§ DATA SUPPLIED:
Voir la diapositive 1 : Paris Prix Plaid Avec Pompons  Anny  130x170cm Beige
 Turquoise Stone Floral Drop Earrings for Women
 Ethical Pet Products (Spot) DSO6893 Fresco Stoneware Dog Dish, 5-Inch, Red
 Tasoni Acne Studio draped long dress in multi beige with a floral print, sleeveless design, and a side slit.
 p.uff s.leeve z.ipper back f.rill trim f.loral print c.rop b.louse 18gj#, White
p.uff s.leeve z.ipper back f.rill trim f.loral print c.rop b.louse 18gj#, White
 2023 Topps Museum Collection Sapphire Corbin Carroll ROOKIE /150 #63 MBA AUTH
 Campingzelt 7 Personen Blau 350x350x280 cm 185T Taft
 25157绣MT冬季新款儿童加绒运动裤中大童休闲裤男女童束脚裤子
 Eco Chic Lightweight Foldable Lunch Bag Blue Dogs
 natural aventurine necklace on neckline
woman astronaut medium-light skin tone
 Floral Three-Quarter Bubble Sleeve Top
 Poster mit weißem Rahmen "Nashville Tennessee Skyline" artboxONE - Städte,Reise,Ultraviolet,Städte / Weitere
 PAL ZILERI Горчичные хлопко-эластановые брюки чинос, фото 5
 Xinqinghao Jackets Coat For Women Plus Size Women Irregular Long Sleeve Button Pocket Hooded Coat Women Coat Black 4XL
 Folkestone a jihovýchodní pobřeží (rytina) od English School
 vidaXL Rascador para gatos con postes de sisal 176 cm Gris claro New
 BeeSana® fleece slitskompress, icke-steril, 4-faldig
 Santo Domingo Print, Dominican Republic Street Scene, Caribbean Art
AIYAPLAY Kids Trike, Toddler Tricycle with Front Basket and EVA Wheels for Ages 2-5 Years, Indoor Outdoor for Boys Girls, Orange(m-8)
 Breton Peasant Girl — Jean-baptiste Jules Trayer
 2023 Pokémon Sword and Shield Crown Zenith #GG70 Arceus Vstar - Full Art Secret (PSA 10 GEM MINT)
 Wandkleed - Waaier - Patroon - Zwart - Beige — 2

§ INSTRUCTIONS TO FOLLOW: Look through the data above for the word "rill". Report each line where it occurs.

§ SOLUTION:
 p.uff s.leeve z.ipper back f.rill trim f.loral print c.rop b.louse 18gj#, White
p.uff s.leeve z.ipper back f.rill trim f.loral print c.rop b.louse 18gj#, White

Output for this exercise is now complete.